L’aspect imaginaire est renforcé par la vieille femme, qui symboliserait presque le chat dans Alice, qui guide le protagoniste dans son errance. On peut reprocher à The Vigil d’utiliser le ressort classique du personnage de la vielle dame qui fait peur. Elle est effectivement présentée comme inquiétante. En revanche, je trouve le personnage plus nuancé: elle est en deuil, et comprend très bien ce qui se passe dans la maison. Ce personnage alterne donc entre menace, et soutien.
Le décor est d’ailleurs inhabituel pour ce type de film. On est dans une petite maison. L’action se situe principalement au rez de chaussée. Et l’étage, source du démon, est quasiment suggéré. Donc la marge d’occupation de l’espace est restreinte.
Le montage est bien maîtrisé. On arrive à voyager dans cette petite maison et à suivre de manière fluide le parcours de Yakov. Le monteur de Color Out of Space et Mandy est aux manettes. Des films où là aussi on voyage, même dans un tout autre style!
Si The Vigil ne peut surprendre, il arrive à entretenir un doute, parce qu’on ne sait jamais vraiment si Yakov voit vraiment ce qui le terrorise. Est ce sa maladie? Ses projections de son propre trauma?
Le judaïsme comme force originale
Le contexte du judaïsme est aussi un élément rare dans les films démoniaques. Ce qui permet de sortir des thématiques habituelles: tabou de la sexualité, stigmates du Christ…
J’en profite pour vous conseiller de voir le court métrage Dibbuk de Dayan D. Oualid, disponible sur Shadowz. Si la première partie du métrage est laborieuse, la dernière est en revanche une vraie réussite. La confrontation avec le démon est à la fois inquiétante et attendrissante, avec un final surprenant. Dibbuk ancre également son récit dans le judaïsme.

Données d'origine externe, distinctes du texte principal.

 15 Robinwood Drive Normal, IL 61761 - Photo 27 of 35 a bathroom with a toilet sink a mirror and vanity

Ici, le réalisateur (juif), fait le lien entre les traumatismes de l’Holocauste, avec l’antisémitisme toujours très ancrés. Une manière de lier les anciennes et nouvelles générations. C’est précisément ce qui unit le combat de Yakov, et le vieil homme qui vient de mourir qu’il doit veiller. Les deux ont leur démons. L’un intérieur, et l’autre qui a besoin de s’en débarrasser pour passer sereinement de l’autre côté.

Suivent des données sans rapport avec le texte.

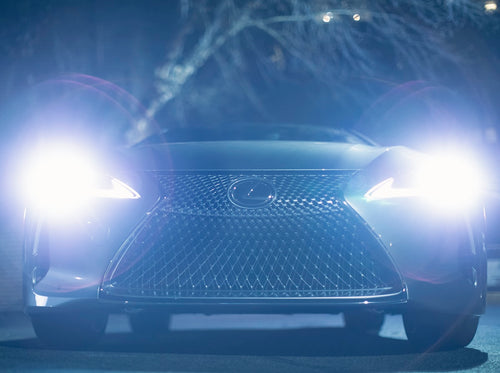 Car interior lit with ambient LED light at night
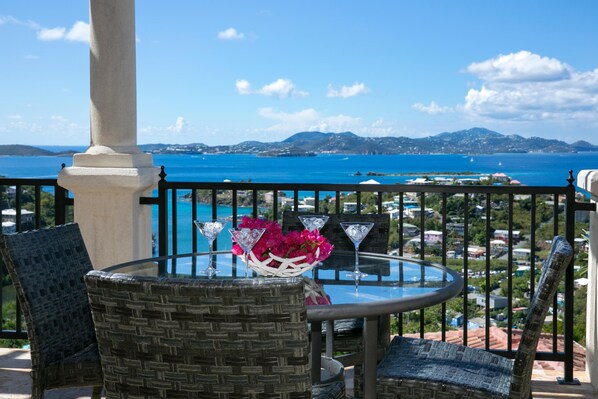 A balcony with wicker chairs, a glass table, and a vase of flowers.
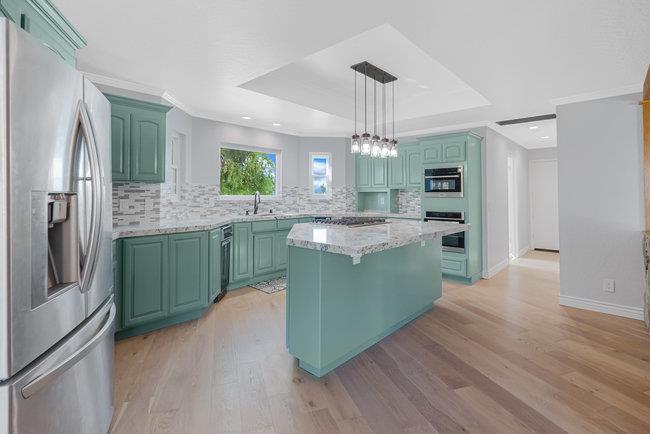 5955 Diablo Hills Road Tres Pinos, CA 95075 - Photo 15 of 91 a kitchen with kitchen island granite countertop a sink cabinets and stainless steel appliances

D’ailleurs, la séquence la plus réussie est quand Yakov tente de fuir ses démons. Une belle illustration que ne pas affronter les faits, détruit parfois plus. Perdu et littéralement cassé, il erre, piégé.
Ceci dit, dommage que le judaïsme n’apporte pas plus d’éléments nouveaux dans le traitement de l’action.

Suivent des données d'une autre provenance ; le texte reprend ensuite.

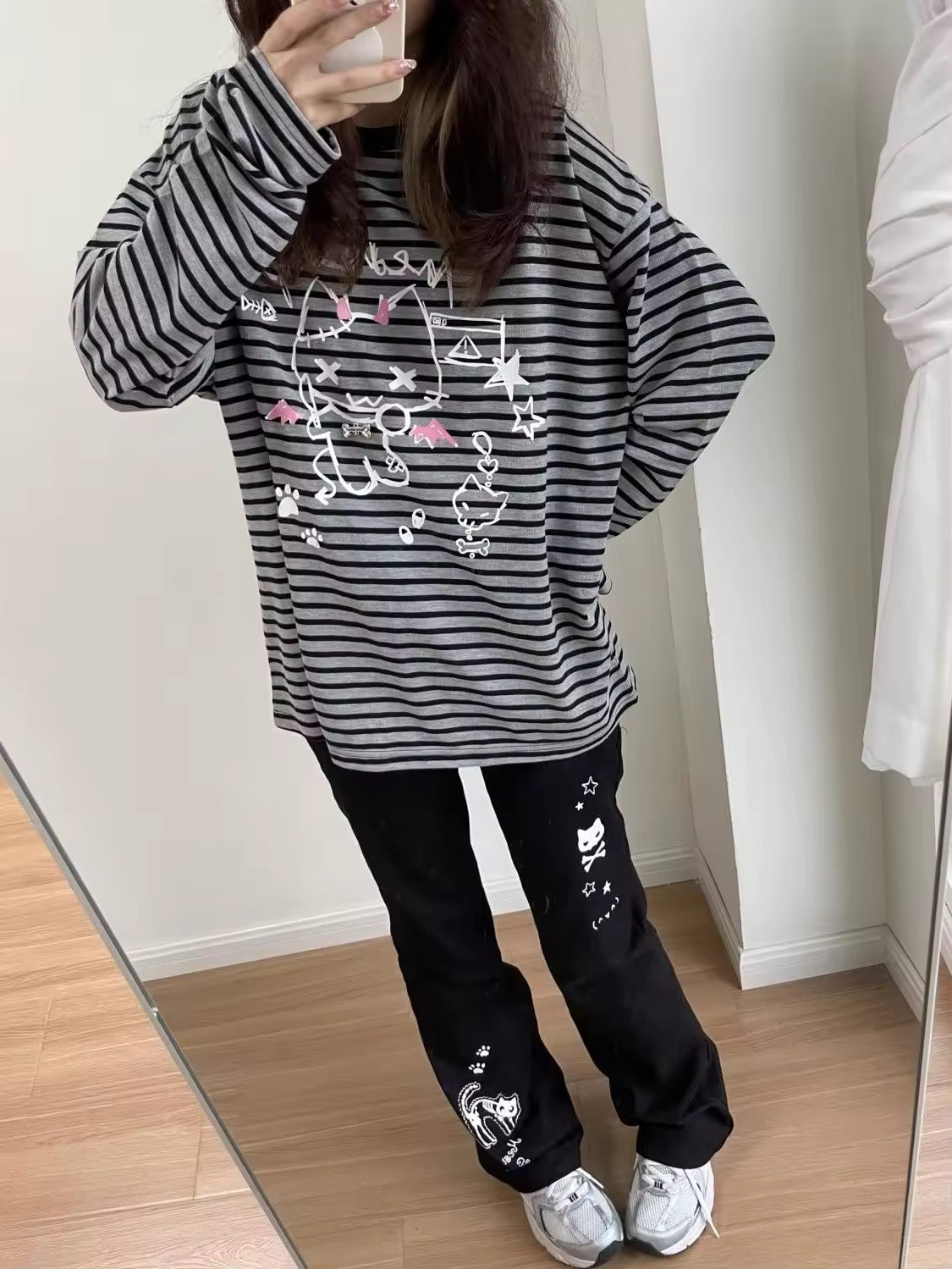 Harajuku inspired Hello Kitty shirt with striped sleeves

Enfin, si le final est raté, The Vigil nous offre une belle séquence dans un couloir fantastique. Certes déjà vue, la scène s’imbrique parfaitement avec le propos auparavant. Et c’est un accompagnement qu’on a envie de faire avec Yakov.
C’est cet ensemble qui fait que The Vigil est un bonne initiative à l’horreur. Il ne fait pas vraiment peur, et évite les clichés de la représentation de la possession et du démon, grâce au judaïsme. C’est un film fait avec passion et l’envie de mettre sur la table un sujet peu traité dans le cinéma de genre. Comme quoi notre cher Jason Blum peut aussi avoir envie d’encourager des oeuvres plus personnelles.
Et rien que pour ça, il vaut le coup d’oeil.